State the univers and solve each of the following equation
log(3x-1)-log(3x+1)=log16
To solve the equation log(3x-1)-log(3x+1)=log16, we can combine the logarithmic terms using the quotient rule of logarithms, which states that log(a)-log(b) = log(a/b). Applying this rule, we get:
log((3x-1)/(3x+1)) = log16
Now we can eliminate the logarithm by exponentiating both sides with base 10, which gives:
(3x-1)/(3x+1) = 16
Next, we can cross-multiply and simplify as follows:
3x-1 = 16(3x+1)
3x-1 = 48x+16
-45x = 17
x = -17/45
Therefore, the solution to the equation log(3x-1)-log(3x+1)=log16 is x = -17/45. Note that this solution is valid only if 3x-1 and 3x+1 are both positive (since logarithms are defined only for positive arguments). Checking these conditions, we see that -1/3 < x < 1, so the solution is valid.
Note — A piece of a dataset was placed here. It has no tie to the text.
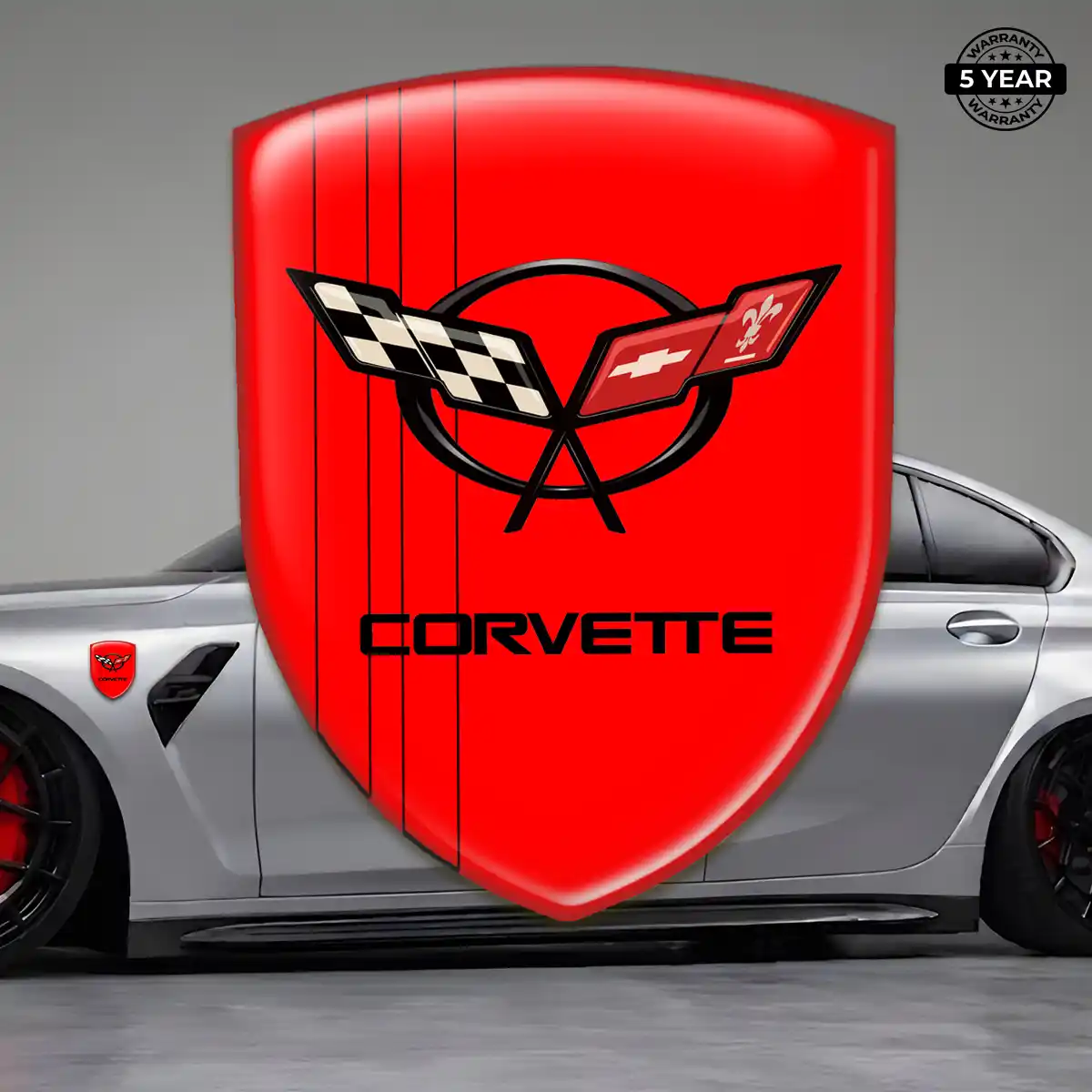 Chevrolet Corvette Polyurethane Domed Sticker Superior Craft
To solve the equation log(3x-1) - log(3x+1) = log(16), we will apply the logarithmic properties.
Step 1: Combine the logarithms using the quotient rule:
log((3x-1)/(3x+1)) = log(16)
Step 2: Since the logarithms are equal, the expressions inside the logarithms must be equal as well. So we have:
(3x-1)/(3x+1) = 16
Step 3: Cross multiply and simplify the equation:
3x - 1 = 16(3x + 1)
3x - 1 = 48x + 16
Step 4: Rearrange the equation to gather the x terms on one side and the constants on the other side:
3x - 48x = 16 + 1
-45x = 17
Step 5: Divide both sides of the equation by -45 to solve for x:
x = 17 / -45
Step 6: Simplify the fraction (if possible):
x = -17 / 45
Therefore, the solution to the equation log(3x-1) - log(3x+1) = log(16) is x = -17/45.